By November 8th, I received word that our counter-offensive began shortly after the arrival of the ten light infantry divisions. After a few days of fighting, the Americans; which to this point I can tell had seen as much combat as a thirteen year old city boy – that is to say none – had been repulsed back to Amsterdam which was once again in our hands by November 12th. Our forces continued to reclaim the lost territory – the American tanks were inferior to our Panzer IV and Vs; which had been designed to counter the superior Soviet tanks we witnessed in 1942.

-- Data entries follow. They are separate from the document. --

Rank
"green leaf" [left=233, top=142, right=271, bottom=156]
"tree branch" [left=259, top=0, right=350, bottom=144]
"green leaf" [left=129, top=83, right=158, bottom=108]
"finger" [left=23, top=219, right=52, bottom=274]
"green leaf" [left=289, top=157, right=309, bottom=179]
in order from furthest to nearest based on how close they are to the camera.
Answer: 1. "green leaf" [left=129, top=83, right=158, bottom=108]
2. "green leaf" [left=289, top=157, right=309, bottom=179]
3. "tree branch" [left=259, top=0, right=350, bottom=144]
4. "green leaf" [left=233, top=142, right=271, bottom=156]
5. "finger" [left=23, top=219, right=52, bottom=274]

I was looking forward to the end of the month. Not because of the victories that we were getting, but I was getting the chance to return home for a few weeks. I live in Norddeich, a small town in East Friesland pretty close to the Dutch border. My leave starts December first. But before I can go I do have to finish filing and filling out requests for replacements. On the last day before my leave, I quickly read over the latest news from the front.
“November 27th – Nine Yankee Divisions trapped at Den Helder,” which was soon accompanied by “November 31st – Yankees surrender. Franklin Roosevelt vows to continue the war until the last man.” With that out of the way, I left for what would hopefully be a great three weeks home with my family. It’s been quite awhile, over a year and a half. I’m excited yet terrified. I think I have changed quite a bit and might not be recognized by my beautiful kids.